The International Trades Union Congress, which met June 9-11 in Geneva, assailed the lack of workers’ rights in the United States. The ITUC also called on the World Trade Organization to take up the issue at its biannual review of U.S. trade policy.
A few days later the Bush administration’s response to the WTO’s routine review of U.S. trade policy made no mention at all of that policy’s effect on workers. The questions that the WTO itself had asked the administration to answer did not include any of the workers rights concern raised by the ITUC. The WTO ignored a mandate from the foreign ministers of member countries who, in 2006, had insisted that the review include labor standards and workers’ rights.
In its report ITUC noted that the U.S. has yet to ratify key International Labor Organization planks on of the right to organize unions and the right to bargain collectively.
The group also noted that the U.S. has failed to ratify an ILO plank calling for equal pay for equal work and that there is still rampant pay discrimination in this country based on sex.
AFL-CIO President John Sweeney said in Geneva on June 10 that refusal by the U.S. to ratify these items is “clearly shameful.” He said he is hoping that the November elections will provide a vehicle to change the situation.

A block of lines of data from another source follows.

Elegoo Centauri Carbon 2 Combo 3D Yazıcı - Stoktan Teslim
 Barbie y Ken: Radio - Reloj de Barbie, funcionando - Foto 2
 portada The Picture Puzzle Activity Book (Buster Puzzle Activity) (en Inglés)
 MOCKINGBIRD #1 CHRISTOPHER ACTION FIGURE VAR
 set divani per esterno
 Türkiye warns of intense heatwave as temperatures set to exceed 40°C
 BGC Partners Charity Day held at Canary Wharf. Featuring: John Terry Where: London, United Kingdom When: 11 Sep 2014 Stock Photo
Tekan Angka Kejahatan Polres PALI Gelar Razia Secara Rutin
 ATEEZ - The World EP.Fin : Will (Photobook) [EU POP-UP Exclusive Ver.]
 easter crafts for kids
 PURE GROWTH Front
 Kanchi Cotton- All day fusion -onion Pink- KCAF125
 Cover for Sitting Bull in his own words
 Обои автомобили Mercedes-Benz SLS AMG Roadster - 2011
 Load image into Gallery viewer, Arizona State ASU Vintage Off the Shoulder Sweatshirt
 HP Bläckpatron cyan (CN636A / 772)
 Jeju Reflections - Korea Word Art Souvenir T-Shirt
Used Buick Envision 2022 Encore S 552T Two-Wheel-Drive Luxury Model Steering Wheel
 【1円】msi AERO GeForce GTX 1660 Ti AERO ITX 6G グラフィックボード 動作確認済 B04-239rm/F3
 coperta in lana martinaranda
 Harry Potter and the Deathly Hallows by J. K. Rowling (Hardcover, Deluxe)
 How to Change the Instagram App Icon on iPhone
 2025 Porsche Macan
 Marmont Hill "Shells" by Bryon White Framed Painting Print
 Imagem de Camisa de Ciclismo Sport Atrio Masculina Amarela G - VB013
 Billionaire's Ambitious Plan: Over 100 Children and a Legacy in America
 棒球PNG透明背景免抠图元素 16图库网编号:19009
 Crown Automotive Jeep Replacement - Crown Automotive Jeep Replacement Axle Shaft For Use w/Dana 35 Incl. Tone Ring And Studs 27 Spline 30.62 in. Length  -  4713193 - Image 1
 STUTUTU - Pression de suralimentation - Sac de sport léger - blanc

Describing the status of labor rights in the U.S., the ITUC report charged, “The right to strike and the right to collective bargaining are severely restricted, in particular for public service workers and for certain groups of private sector workers.”
The report also noted that at least 32 million workers, 25 million of them in the private sector, are not covered by U.S. labor law. “These figures do not include many more who have lost the protections of U.S. labor law as a result of decisions by the National Labor Relations Board,” the report said.
The ITUC document also took issue with the extent to which employers in the U.S. are permitted to interfere with union organizing drives.
“Employers have a statutory right under the National Labor Relations Act to express their views during a union campaign so long as they do not interfere with their employees’ free choice. In practice, however, employers have a legal right to engage in a wide range of anti-union tactics that chill exercise of freedom of association.”
ITUC also cited “captive audience meetings” where firms that propagandize against the union “can fire workers who refuse to attend them.” The report criticized laws that allow employers to “predict,” although not “threaten” that a workplace will be shut down if workers vote for a union.
The ITUC findings were particularly harsh in the area of rights for public sector workers:
“In the public sector, 40 percent of workers are still denied basic collective bargaining rights. While the Federal Labor Relations Act covers over two million federal employees, the statute outlaws strikes, proscribes collective bargaining over hours, wages and economic benefits, and imposes extensive management rights that further limit collective bargaining.
“Only a little more than half the states allow for collective bargaining in the public sector; several more allow it only for narrow categories of workers. Even where the public sector workers have the right to bargain, they generally do not have the right to strike.
“In North Carolina all public employees are denied collective bargaining rights, which is in violation of workers’ fundamental rights as determined by the ILO.”
In conclusion, the report noted, “The U.S. administration, rather than leading the way on protection of the rights of working people and to decent pay and conditions, has been intent on denying the freedom to join a union and bargain collectively to millions of Americans. This hurts America’s working people and has a negative impact on workers’ right in other countries as well.”
When he spoke in Geneva, Sweeney said, “Independent polls show 44 million more workers would join a union if they were not intimidated by employers. We intend to do something about that this year in the election.”